» **Your goal**
Using the data that follows, return exactly the lines from the one that contains "Women's Party Street" through the one that contains "البرتغال تتوهج وتهزم الدنمارك برباعية البرتغال", ends included.

» **Material provided**

= = = = =

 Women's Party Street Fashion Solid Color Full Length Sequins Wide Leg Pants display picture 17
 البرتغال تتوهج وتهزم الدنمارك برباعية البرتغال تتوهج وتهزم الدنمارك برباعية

= = = = =

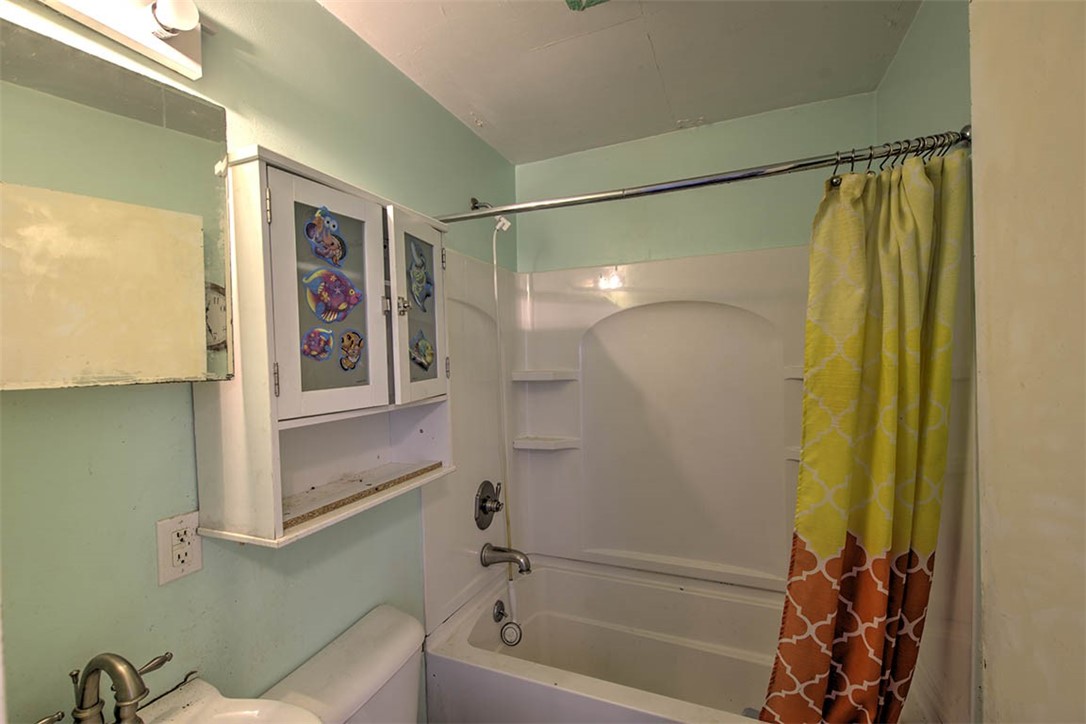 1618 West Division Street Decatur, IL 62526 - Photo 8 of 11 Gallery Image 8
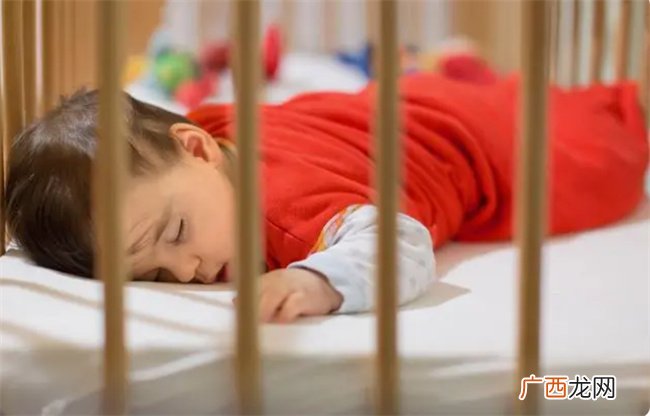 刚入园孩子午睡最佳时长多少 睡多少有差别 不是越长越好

= = = = =

» **Result of the task**
 Women's Party Street Fashion Solid Color Full Length Sequins Wide Leg Pants display picture 17
 البرتغال تتوهج وتهزم الدنمارك برباعية البرتغال تتوهج وتهزم الدنمارك برباعية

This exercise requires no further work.